• Requirement
Look through the lines below for the word "Team", and copy every line that has it.

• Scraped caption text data
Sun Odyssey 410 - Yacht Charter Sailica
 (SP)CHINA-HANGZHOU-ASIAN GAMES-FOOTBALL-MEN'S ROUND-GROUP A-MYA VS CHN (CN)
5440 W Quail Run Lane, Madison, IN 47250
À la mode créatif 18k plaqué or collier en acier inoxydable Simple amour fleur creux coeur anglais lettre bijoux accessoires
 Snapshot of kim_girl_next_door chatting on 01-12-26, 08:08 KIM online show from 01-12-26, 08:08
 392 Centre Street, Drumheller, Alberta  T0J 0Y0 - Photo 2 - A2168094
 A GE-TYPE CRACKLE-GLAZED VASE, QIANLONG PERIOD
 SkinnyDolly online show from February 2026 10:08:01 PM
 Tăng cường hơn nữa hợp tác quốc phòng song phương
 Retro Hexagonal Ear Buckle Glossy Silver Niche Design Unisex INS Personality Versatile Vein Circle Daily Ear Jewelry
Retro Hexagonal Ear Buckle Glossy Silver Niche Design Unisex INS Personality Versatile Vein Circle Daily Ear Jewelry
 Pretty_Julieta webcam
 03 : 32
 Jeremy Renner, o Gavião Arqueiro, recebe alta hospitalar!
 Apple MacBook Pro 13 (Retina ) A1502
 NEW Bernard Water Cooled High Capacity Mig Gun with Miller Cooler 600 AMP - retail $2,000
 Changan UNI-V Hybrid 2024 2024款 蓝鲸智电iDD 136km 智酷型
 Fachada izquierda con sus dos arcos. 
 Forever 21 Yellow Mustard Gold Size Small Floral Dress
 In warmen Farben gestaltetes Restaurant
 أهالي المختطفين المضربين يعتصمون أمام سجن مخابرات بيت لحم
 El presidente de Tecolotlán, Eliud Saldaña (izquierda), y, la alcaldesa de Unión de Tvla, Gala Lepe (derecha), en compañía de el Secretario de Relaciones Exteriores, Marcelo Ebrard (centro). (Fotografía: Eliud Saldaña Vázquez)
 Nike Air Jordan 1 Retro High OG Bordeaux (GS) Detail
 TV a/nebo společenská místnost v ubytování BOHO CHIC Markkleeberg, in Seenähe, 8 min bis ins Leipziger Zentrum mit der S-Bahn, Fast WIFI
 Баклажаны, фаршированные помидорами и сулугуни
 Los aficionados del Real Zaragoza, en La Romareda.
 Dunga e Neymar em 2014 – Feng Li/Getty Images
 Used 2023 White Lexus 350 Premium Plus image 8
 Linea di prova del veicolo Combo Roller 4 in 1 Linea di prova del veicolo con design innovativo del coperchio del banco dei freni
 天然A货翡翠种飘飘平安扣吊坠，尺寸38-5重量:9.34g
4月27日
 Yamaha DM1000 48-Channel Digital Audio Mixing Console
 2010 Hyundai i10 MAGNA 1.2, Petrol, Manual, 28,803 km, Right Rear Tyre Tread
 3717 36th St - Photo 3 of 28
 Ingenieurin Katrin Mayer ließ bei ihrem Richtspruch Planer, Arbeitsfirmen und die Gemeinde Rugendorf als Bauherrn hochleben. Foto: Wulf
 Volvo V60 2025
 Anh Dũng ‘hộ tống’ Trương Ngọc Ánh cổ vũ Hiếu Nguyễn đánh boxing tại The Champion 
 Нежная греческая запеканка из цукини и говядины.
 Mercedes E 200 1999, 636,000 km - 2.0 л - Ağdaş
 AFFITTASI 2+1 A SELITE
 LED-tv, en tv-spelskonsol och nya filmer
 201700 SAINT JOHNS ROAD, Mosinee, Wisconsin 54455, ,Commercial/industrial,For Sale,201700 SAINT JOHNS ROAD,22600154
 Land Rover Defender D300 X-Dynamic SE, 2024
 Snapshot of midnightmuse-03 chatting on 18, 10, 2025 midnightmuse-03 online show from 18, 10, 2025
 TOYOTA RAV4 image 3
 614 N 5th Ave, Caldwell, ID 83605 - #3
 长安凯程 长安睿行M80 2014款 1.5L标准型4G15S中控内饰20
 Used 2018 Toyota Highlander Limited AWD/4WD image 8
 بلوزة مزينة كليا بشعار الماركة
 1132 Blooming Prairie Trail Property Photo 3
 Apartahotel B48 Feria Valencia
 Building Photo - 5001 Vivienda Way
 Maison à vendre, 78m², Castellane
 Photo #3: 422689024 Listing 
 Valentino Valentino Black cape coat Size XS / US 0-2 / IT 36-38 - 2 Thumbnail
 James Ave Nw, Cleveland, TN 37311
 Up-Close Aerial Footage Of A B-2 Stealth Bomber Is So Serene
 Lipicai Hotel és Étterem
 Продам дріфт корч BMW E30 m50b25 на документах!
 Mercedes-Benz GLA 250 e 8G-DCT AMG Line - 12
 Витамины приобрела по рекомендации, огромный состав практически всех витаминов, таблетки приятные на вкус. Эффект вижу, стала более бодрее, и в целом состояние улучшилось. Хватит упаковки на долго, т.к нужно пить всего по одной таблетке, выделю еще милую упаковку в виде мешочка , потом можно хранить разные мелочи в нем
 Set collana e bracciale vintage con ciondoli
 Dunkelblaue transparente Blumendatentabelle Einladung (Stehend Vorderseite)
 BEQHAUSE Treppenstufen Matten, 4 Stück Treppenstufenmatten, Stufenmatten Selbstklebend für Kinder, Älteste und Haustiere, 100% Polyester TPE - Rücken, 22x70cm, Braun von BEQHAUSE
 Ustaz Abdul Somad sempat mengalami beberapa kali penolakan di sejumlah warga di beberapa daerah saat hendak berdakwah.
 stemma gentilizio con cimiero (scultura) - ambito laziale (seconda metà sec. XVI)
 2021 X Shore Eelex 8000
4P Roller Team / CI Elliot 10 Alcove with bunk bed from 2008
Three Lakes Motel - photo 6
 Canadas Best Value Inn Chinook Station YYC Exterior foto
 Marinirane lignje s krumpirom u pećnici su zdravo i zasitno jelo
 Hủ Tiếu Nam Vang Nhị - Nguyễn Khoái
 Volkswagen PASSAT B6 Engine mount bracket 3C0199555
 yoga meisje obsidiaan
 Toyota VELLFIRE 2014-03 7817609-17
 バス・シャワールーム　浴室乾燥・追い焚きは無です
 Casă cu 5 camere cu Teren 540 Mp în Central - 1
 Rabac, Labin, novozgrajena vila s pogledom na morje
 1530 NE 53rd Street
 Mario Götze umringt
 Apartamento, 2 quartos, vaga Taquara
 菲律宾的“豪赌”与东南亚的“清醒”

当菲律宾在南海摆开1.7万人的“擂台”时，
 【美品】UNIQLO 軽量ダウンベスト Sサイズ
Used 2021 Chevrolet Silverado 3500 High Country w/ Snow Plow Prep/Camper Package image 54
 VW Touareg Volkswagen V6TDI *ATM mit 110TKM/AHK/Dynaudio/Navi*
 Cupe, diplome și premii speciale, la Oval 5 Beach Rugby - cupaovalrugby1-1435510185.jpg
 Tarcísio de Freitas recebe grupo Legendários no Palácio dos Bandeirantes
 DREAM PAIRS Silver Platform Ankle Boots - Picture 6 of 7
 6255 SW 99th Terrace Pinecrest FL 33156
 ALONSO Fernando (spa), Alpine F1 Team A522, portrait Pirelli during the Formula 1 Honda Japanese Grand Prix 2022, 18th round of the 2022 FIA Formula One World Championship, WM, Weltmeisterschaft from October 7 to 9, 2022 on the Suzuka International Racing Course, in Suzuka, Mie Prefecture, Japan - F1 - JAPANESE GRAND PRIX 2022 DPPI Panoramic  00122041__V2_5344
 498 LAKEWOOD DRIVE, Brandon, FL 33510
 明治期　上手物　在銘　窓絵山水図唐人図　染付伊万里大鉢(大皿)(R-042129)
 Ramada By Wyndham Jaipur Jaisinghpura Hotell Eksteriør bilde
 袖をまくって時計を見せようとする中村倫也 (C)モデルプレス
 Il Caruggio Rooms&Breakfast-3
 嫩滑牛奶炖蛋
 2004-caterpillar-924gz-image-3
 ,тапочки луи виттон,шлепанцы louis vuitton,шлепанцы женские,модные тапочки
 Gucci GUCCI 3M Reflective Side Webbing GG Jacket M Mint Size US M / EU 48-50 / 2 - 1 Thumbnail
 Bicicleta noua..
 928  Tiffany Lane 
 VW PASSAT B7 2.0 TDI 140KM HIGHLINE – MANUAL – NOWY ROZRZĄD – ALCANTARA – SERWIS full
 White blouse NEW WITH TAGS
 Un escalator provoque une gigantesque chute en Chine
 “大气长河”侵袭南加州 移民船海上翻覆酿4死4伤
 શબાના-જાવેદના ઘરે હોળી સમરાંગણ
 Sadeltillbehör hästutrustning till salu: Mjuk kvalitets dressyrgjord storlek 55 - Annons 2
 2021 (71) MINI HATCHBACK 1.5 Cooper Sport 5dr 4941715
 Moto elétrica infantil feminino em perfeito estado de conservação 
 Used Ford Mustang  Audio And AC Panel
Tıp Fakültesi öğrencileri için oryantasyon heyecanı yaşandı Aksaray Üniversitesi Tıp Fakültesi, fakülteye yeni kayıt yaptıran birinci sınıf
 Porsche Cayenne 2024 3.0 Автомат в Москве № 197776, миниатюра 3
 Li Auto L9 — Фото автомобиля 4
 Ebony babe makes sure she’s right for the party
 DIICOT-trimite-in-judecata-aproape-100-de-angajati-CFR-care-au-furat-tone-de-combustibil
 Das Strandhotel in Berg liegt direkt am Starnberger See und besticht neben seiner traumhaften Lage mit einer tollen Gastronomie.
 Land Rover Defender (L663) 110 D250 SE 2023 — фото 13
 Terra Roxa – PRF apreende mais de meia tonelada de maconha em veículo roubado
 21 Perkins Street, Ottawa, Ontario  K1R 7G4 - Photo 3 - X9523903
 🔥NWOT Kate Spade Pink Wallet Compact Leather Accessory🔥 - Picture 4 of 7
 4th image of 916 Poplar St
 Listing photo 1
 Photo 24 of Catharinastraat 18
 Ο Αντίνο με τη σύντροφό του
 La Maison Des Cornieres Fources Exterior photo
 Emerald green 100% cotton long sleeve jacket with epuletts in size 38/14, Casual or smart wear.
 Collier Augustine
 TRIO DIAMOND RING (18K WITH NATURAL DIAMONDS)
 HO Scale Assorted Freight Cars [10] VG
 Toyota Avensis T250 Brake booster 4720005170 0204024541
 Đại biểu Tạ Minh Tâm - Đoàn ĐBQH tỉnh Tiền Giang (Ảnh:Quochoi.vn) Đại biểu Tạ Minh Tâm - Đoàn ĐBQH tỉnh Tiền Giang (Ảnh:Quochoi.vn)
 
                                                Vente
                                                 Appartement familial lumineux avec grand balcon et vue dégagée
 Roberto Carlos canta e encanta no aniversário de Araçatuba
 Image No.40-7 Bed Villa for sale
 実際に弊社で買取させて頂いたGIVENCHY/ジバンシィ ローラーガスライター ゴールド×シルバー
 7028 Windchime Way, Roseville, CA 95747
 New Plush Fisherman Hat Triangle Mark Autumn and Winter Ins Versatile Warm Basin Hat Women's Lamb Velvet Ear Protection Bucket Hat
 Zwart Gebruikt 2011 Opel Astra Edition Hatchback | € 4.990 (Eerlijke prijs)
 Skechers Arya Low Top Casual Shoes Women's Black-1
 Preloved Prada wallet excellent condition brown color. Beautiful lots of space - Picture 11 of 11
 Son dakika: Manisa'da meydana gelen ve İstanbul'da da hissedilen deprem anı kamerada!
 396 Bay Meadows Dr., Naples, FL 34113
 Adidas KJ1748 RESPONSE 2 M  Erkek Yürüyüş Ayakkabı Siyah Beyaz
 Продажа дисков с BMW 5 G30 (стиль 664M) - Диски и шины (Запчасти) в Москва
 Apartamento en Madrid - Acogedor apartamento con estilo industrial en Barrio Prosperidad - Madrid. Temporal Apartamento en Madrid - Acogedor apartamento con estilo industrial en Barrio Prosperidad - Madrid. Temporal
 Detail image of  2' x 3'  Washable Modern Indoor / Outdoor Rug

• Response area
4P Roller Team / CI Elliot 10 Alcove with bunk bed from 2008
 ALONSO Fernando (spa), Alpine F1 Team A522, portrait Pirelli during the Formula 1 Honda Japanese Grand Prix 2022, 18th round of the 2022 FIA Formula One World Championship, WM, Weltmeisterschaft from October 7 to 9, 2022 on the Suzuka International Racing Course, in Suzuka, Mie Prefecture, Japan - F1 - JAPANESE GRAND PRIX 2022 DPPI Panoramic  00122041__V2_5344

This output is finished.